23-11-2005 10:30 am Des experts et des délégations de 23 pays de la Méditerranée et de l’Atlantique du Nord-Est ont posé les fondations d’un système régional d’alerte rapide aux tsunamis lors d’une réunion qui s’est achevée hier à Rome. Organisée par la Commission océanographique intergouvernementale (COI) de l’UNESCO et hébergée par les ministères italiens des Affaires étrangères et de l’Environnement, cette rencontre était la première réunion du Groupe intergouvernemental de coordination (GCI) qui supervisera mise en œuvre et fonctionnement du nouveau système. Les participants ont identifié les principaux besoins techniques du système et adopté un plan d’action pour 2006-2007.

Le plan d’action vise à améliorer les capacités d’évaluation des dangers et risques multiples, à améliorer l’efficacité de l’alerte grâce à des informations concernant la sismologie, la géophysique et le niveau marin, à limiter les dégâts grâce à la planification côtière et à la sensibilisation du public aux risques côtiers. Le GCI va mettre en œuvre des tests sur les composants clés du système d’alerte précoce afin que le premier système opérationnel soit en place pour décembre 2007.

Dans un message adressé aux participants de la réunion, le Directeur général de l’UNESCO, Koïchiro Matsuura, a souligné la nécessité d’avoir recours aux réseaux de détection européens existants, en mettant leur potentiel au service de l’alerte anti-tsunami. « Cette approche stratégique est essentielle, a déclaré le Directeur général, car la durabilité à long terme du système d’alerte dépend du fait que les réseaux de détection et les centres nationaux d’alerte anti-tsunami aient des fonctions multiples, qu’ils soient conçus pour répondre aux types d’événements météorologiques les plus fréquents dans leurs régions et qu’ils soient parfaitement connectés avec les systèmes nationaux d’urgence, afin que les plans de prévention à long terme puissent être mis en œuvre et que l’alerte puisse être donnée à temps par les agences responsables ».

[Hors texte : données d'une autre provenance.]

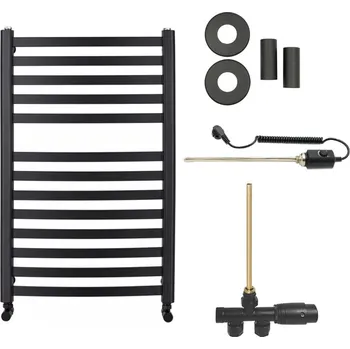 Radiátor CERANO - Koupelnový radiátorový set Paolo - kombinované vytápění, termo tyč - boční jednobodové připojení - 568W - černá matná - 850x550 mm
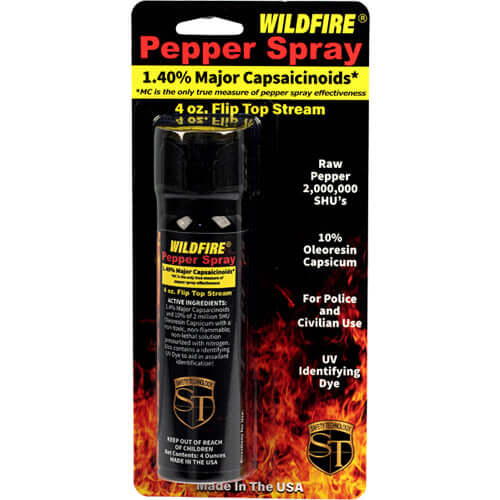 Wildfire 1.4% MC 4 oz pepper spray flip top - Package Front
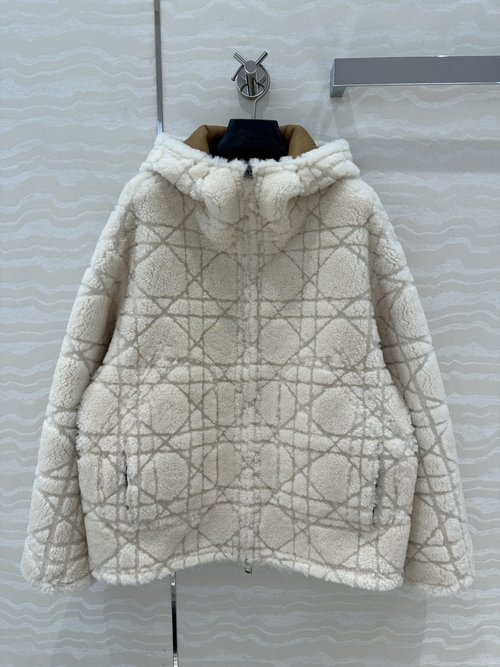 Dior Exclusive Fur-Trimmed Hooded Coat - Double-Sided Elegance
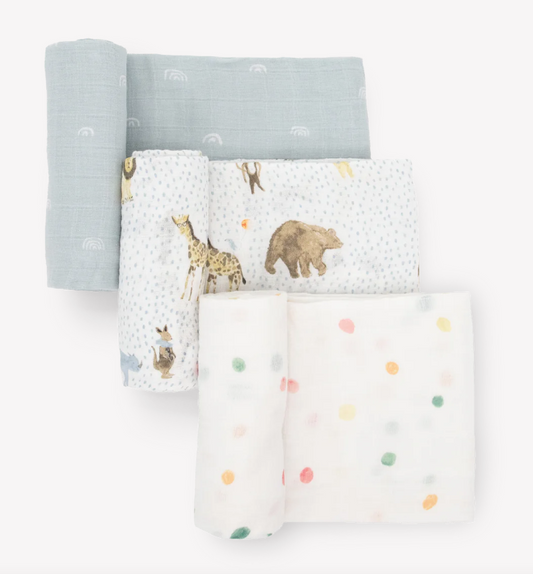 Little Unicorn Cotton Muslin Swaddle Blanket - 3 pack - Party Animals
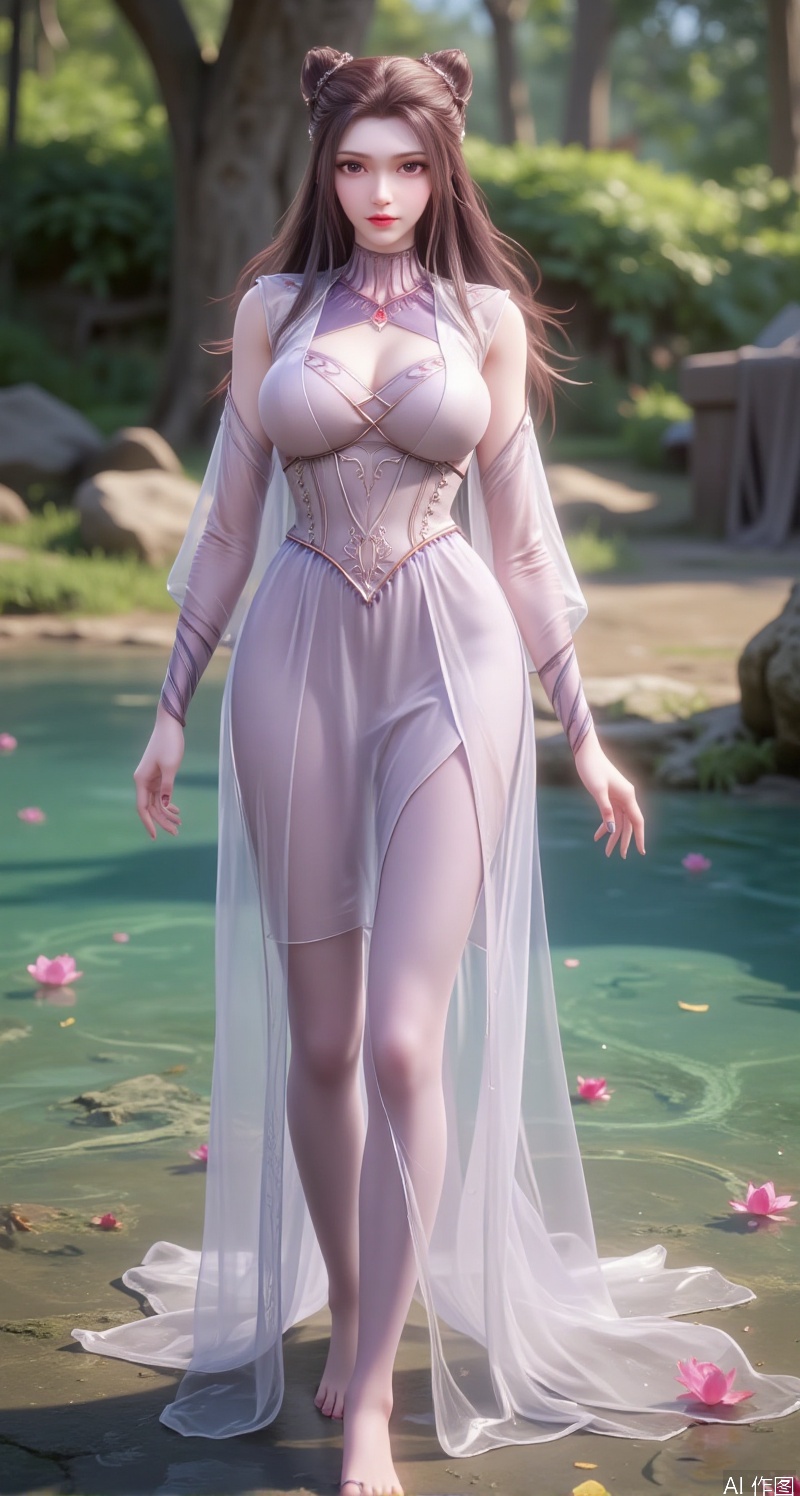 
In a forest filled with dreamlike wonderland style, a graceful woman stands at the center of the scene, her long hair shining like a rainbow, its strands gently swaying in the breeze, radiating soft light. She wears a light gauze, its fabric translucent in the water, revealing her slender silhouette. Her feet rest in a clear pool, dotted with a few rainbow-colored petals, as if complementing her gauze.

Her face is exquisitely beautiful, her skin smooth and flawless like fine porcelain, her eyebrows and eyes painted like a masterpiece, her gaze as dazzling as a rainbow, revealing a hint of mystery and liveliness. Her makeup is subtle, her lips softly colored like pale pink rainbow, her mouth slightly curved, carrying an imperceptible smile.

From the front view, her gauze sways gently in the water, revealing her slender shoulders and arms. Her posture is elegant, her hands gently cupping a handful of water, showcasing a dreamy wonderland beauty. Her demeanor is poised and natural, as if merging with the surrounding dreamlike wonderland forest, radiating a tranquil and beautiful atmosphere.

The entire scene is filled with a dreamlike wonderland意境, with the woman’s bathing scene and the surrounding dreamlike wonderland forest complementing each other, showcasing a mysterious and romantic harmony.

Bien qu’ils soient moins fréquents que dans les océans Pacifique et Indien, on a déjà enregistré des tsunamis liés à une activité sismique dans la région de la Méditerranée et de l’Atlantique du Nord-Est. En 1755, la ville de Lisbonne a été détruite par un tsunami provoqué par un fort tremblement de terre au niveau de la faille Açores-Gibraltar. Lors d’un autre tsunami, en 1908, 85 000 personnes moururent à Messine (Italie). On a aussi enregistré des tsunamis locaux le long des côtes de la Norvège, dans la Mer de Marmara et la Mer Noire.

Le système d’alerte rapide aux tsunamis dans l’Atlantique du Nord-Est et la Méditerranée fait partie d’un système mondial d’alerte aux tsunamis et d’atténuation de leurs effets qui est coordonné par la COI. Des systèmes similaires ont déjà été créés dans les océans Pacifique et Indien, et un système d’alerte pour les Caraïbes est actuellement en préparation. La prochaine réunion du GCI est prévue en mai 2006.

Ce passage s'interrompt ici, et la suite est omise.